Putting to one side the majority of the unpleasantness surrounding the Baby P case, one of the interesting aspects – from a media point of view – has been the problem of the online world and any court orders relating to reporting.
Without having delved too far into the story, it’s obvious that there’s some form of court order in play here, otherwise we’d have had Baby P’s name by now, along with the names of two of the accused .
The crime led to an outpouring of rage on assorted sources on the internet – blogs, forums, and Facebook groups, among other places.
Because of the way the internet is – huge swathes of information all quite easy to retrieve – it’s not exactly hard to find out the names of those involved, hence the naming and shaming that followed in the aftermath of the court case.
It doesn’t take a genius the piece together the information in the press reports, crossed referenced with a bit of smart Googling. Some of the older articles with names are in assorted caches.
Much of the ire seems to be focused on the fact that that the media hasn’t named the couple who were jailed over Baby P’s death, but as Judith Townsend at Journalism.co.uk points out, naming Baby P isn’t about any notion of justice (whatever that may be), or about the Facebook campaign. It’s about confronting the reality of an online world.
Everybody who joined the Facebook group or named them online is in contempt of court. But they’re not to know the ins and outs of contempt law. Why should they?
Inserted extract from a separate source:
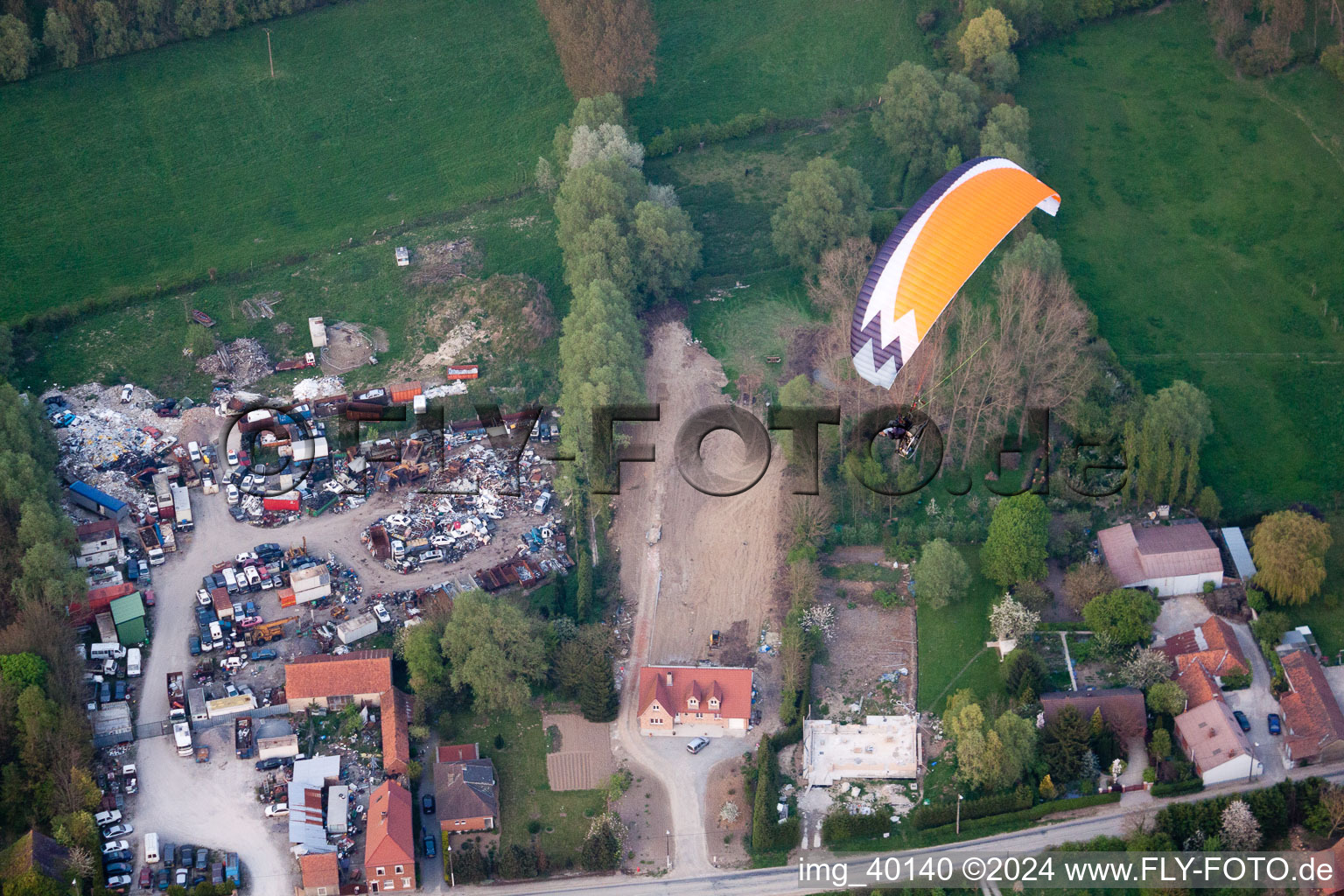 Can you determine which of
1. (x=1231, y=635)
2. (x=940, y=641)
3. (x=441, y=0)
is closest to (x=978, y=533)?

Even journalists can be a bit fuzzy on some of the laws, unless they regularly work on court reporting or in a specific field.
Most laws relating to contempt were created to ensure a fair trial; to ensure that no matter how horrific the crime, no matter how apparent the guilt, the defendant gets a fair, unprejudiced trial.
Much of the law (I’d imagine) around the Baby P case are to protect other children involved in the case, not the accused or the guilty. The law is surprisingly clear on this.
That was fine when print and broadcast were the only ways of getting your news. The judge made the order, the journalists would sometimes contest it, but if they failed then the information didn’t get printed or broadcast. Simple.
Today, it’s never been easier to join the jots, the access cache, and to publish the names (or other relevant information online). And the orders don’t apply to non-UK websites.
As the law stands, there’s been a lot of Contempt of Court committed around the Baby P case. But who should be served with any action? Facebook? Blogger? WordPress? Google? Forum administrators? Individual bloggers? Individual posters? All of the above? None of the above?
Libel and the internet may not be perfect, but in this regard the law is streets ahead of Contempt of Court and the internet. The Baby P case has demonstrated that it’s virtually impossible to enforce Contempt laws in an online world (although I wouldn’t go as far as saying its impossible to get a fair trial).
Clearly, the laws surrounding Contempt and a fair trial need an urgent and serious overhaul. Quite what that should involve will take a far better legal brain than I, and probably about 99% of the country, have.
 It’s (thankfully) been a VERY long time since I’ve had to deal with child cases and courts, my immediate guess was a Section 39, although as that doesn’t apply to dead children, it might be a different court order. Section 11? I’ll have to pick up my copy of McNae’s again here as I think I need to reacquaint myself with the assorted orders to do with children and young people.